Good. That makes me feel better.

Comments

zenjetset's picture

When I turned 25 or 27 I recall feeling an urgency to get in touch with my parents. You are right, we are not sane until 35! LOL

zenjetset's picture

last-wife sorry you have gone through this and are going through this. It's horrible when we do ALL we can for "our (skip) children" and they end up showing us that they just simply don't care and rather give someone who has NEVER had not even one concern about them and in most cases used them another opportunity and possibly more just because they gave birth to them.

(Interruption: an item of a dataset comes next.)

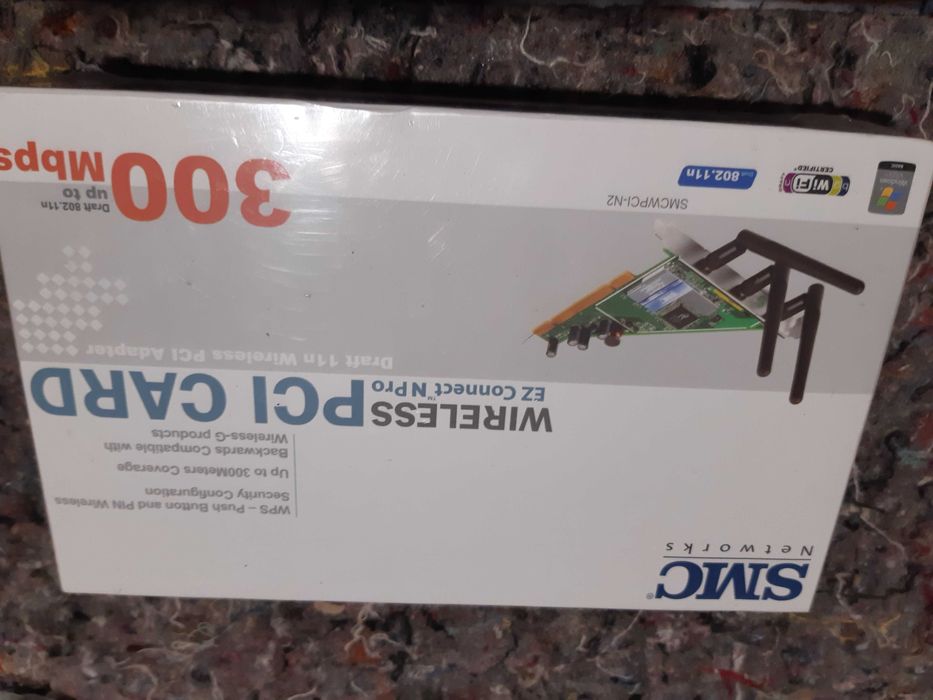 Placas wifi USB ou PCI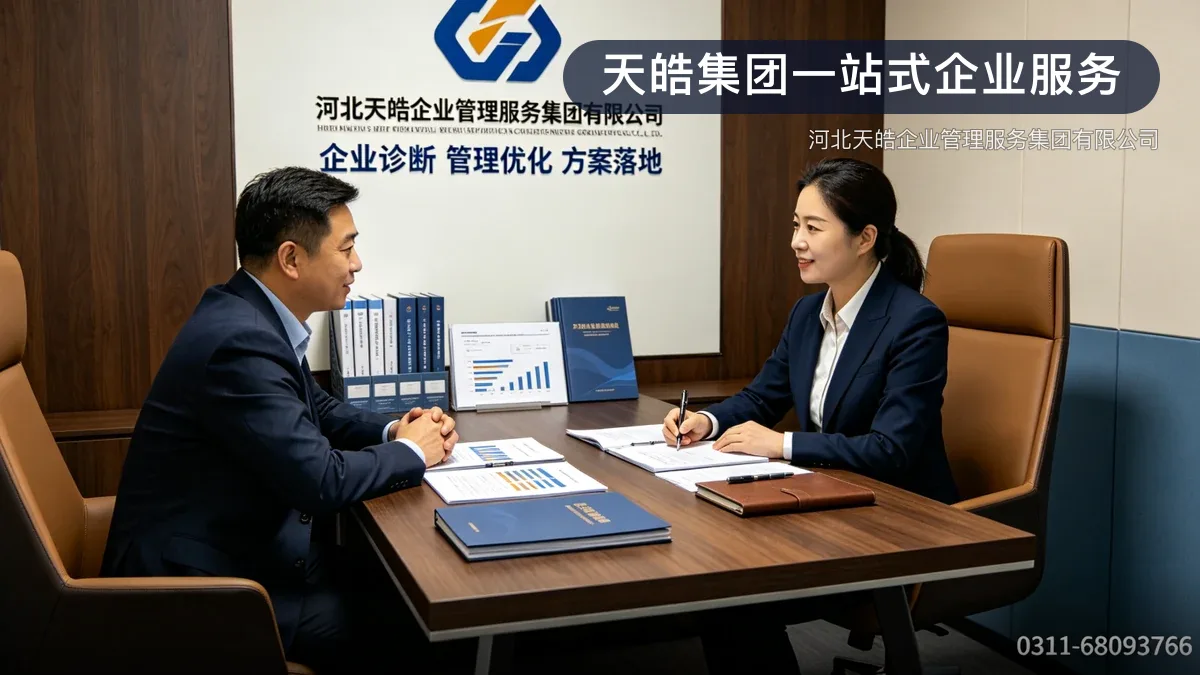 天皓集团一站式企业服务 · 河北天皓企业管理服务集团有限公司官方服务认证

Personally the whole thing is insulting, but there's another part of my that understands. At her age (which I recall vividly) I remember needing my independence and really putting my feelings first above everyone elses. I also recall a call to my parents (who are still together I was not a child of divorce, but was the youngest and felt I needed my independence from a large family) when I was totally broke and living out of state and asked if I could come home. They said yes, but it was at a price, rent, work, and curfew. After living on my own I decided the cost was too high to live with them, so I cut off all communcation for a period of 5 years. I seeked and gained my independence on my own terms. I guess what I am saying is that I am sure I hurt my parents by making that decision, but I also eventually made them very proud by owning my own business (sent them over $1000 every two weeks for a period of 10 years) and whenever I visited I bought them whatever they desired, because it was important to me to show them that my decision to be independent and find myself was more about me than about them.

Therefore, don't take it personnally (easy said than done) but don't take it to heart. This is a process, let her know she is hurting you, but then let her find her way. She will return. I did! My relationship with my parents is very especially now, I live closer than I ever have. I have only a short drive (25 mintues) in comparison to living across the country for the majority of my life.

Stay strong and positive, remember everything happens for a reason.

oneoffour's picture

I think she is just being a brat. One thing I learnt was not to tell my OWN kids how hurt I was because at their age they don't give a damn.

Deep down she knows who to call when the shit hits the fan. And at that time you can decide whether you want to help out or not.

I suspect she will try and make amends with her mother because she is surrounded by girls with nice mothers who helped them out with cars and computers and college stuff. She wants/needs her mother to be the same kind of mother. In time she will realise there is no hope there and there isn't any point in avoiding you anymore because you are the best she could possibly get.